Provided information Start Marker
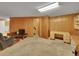 Spacious basement with wood paneled walls, carpeting, and vintage desk at 461 Nome St, Aurora, CO 80010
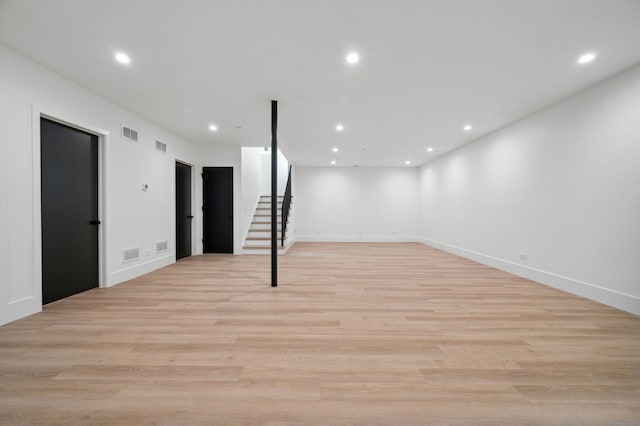 basement featuring light hardwood / wood-style flooring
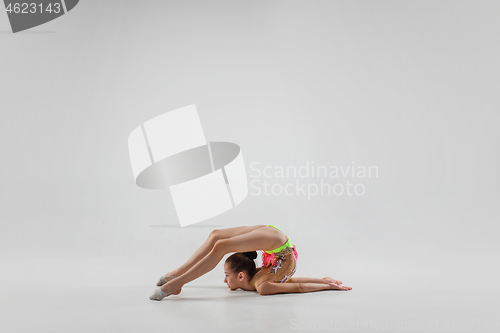 Image of The teenager girl doing gymnastics exercises isolated on white background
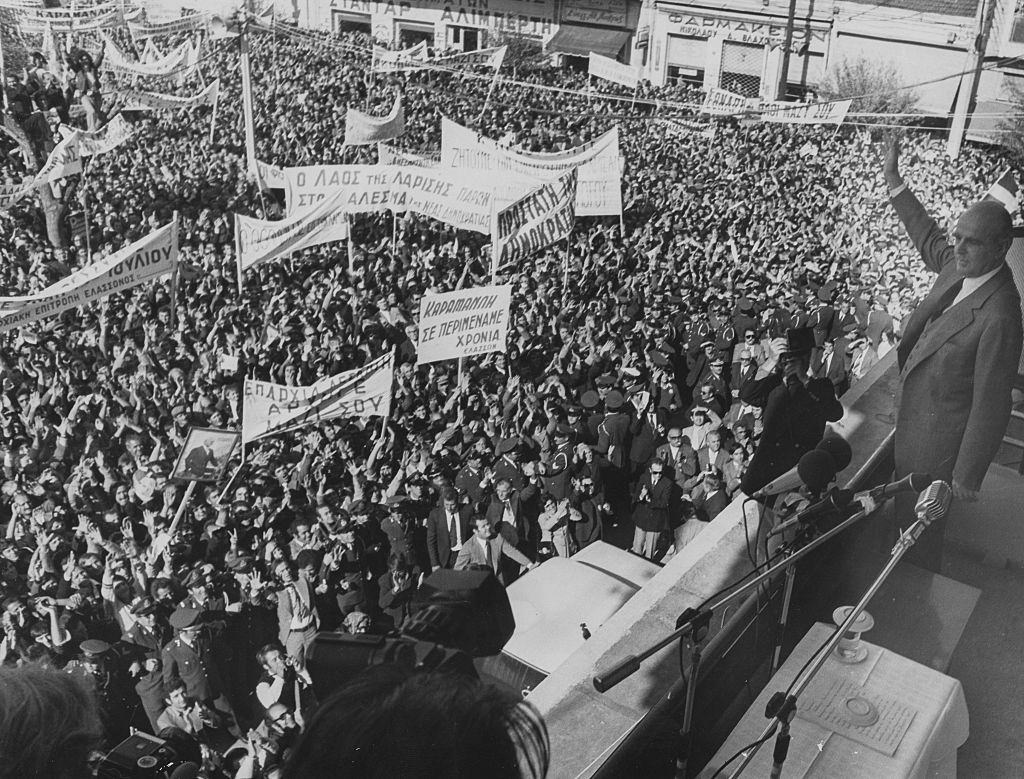 #39 Politician Andreas Papandreou waving from a balcony following the fall of the Greek military Junta, during a political rally, 1974.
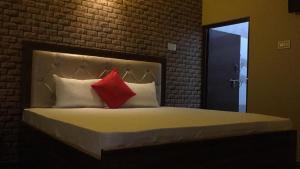 1 dormitorio con 1 cama con 2 almohadas rojas en Divine sparrow family homestay, en Agra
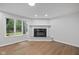 Cozy living room featuring a decorative fireplace and a bright window overlooking the landscape at 3931 Tekesbury Ct, Plainfield, IN 46168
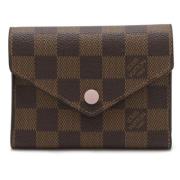 Pre-owned Fabric wallets Louis Vuitton Vintage , Brown , Dames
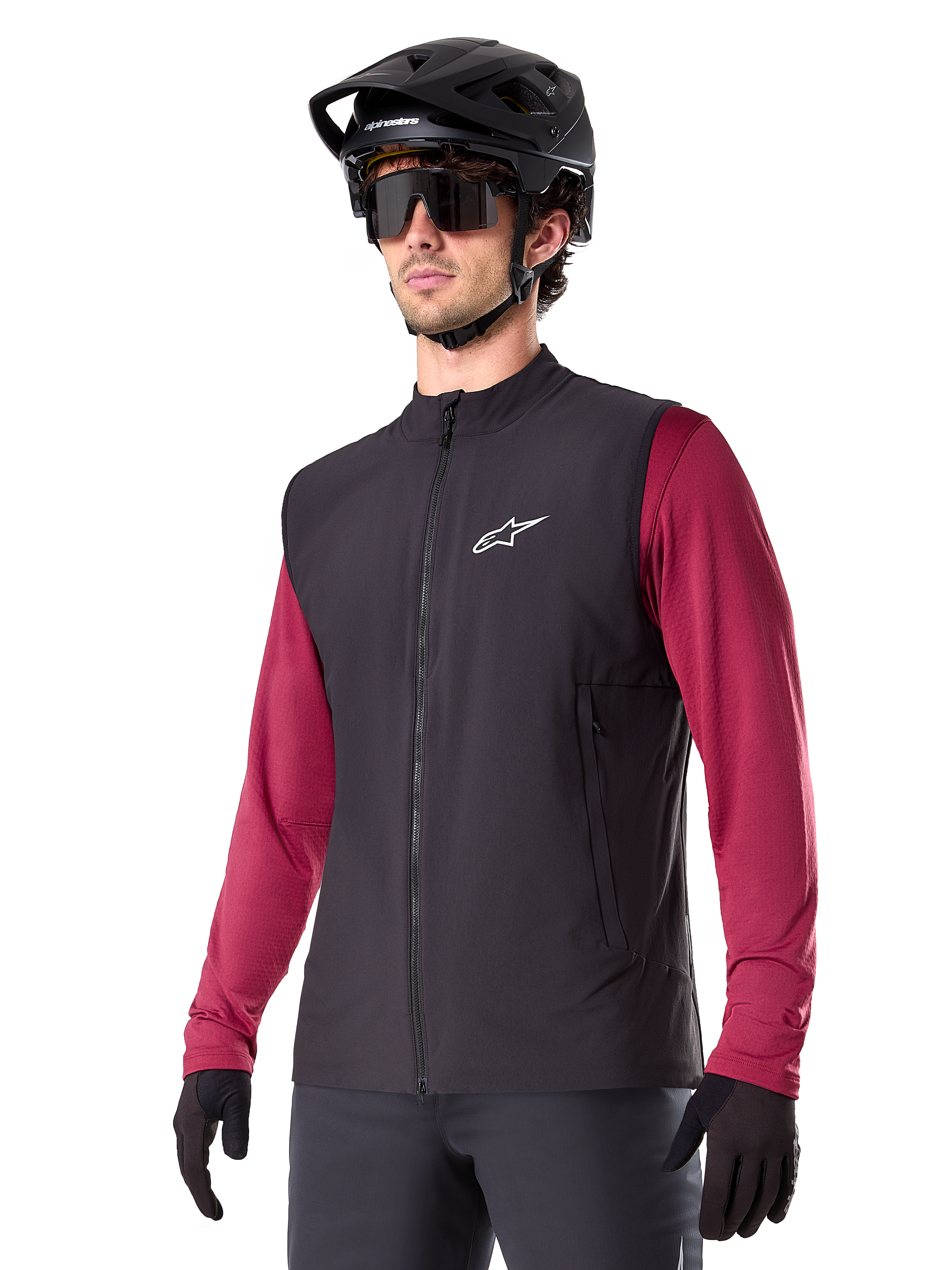 Alpinestars A-Dura Thermal Vest, gilet termico nero da ciclismo, indossato sopra una maglia bordeaux a maniche lunghe, con logo bianco sul petto, abbinato a un casco da MTB nero e occhiali da sole, strato isolante performante per mountain bike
Provided information End Marker
To do: Copy out the lines above in full and unaltered, apart from the pictures.

Solution below:
 Spacious basement with wood paneled walls, carpeting, and vintage desk at 461 Nome St, Aurora, CO 80010
 basement featuring light hardwood / wood-style flooring
 Image of The teenager girl doing gymnastics exercises isolated on white background
 #39 Politician Andreas Papandreou waving from a balcony following the fall of the Greek military Junta, during a political rally, 1974.
 1 dormitorio con 1 cama con 2 almohadas rojas en Divine sparrow family homestay, en Agra
 Cozy living room featuring a decorative fireplace and a bright window overlooking the landscape at 3931 Tekesbury Ct, Plainfield, IN 46168
 Pre-owned Fabric wallets Louis Vuitton Vintage , Brown , Dames
 Alpinestars A-Dura Thermal Vest, gilet termico nero da ciclismo, indossato sopra una maglia bordeaux a maniche lunghe, con logo bianco sul petto, abbinato a un casco da MTB nero e occhiali da sole, strato isolante performante per mountain bike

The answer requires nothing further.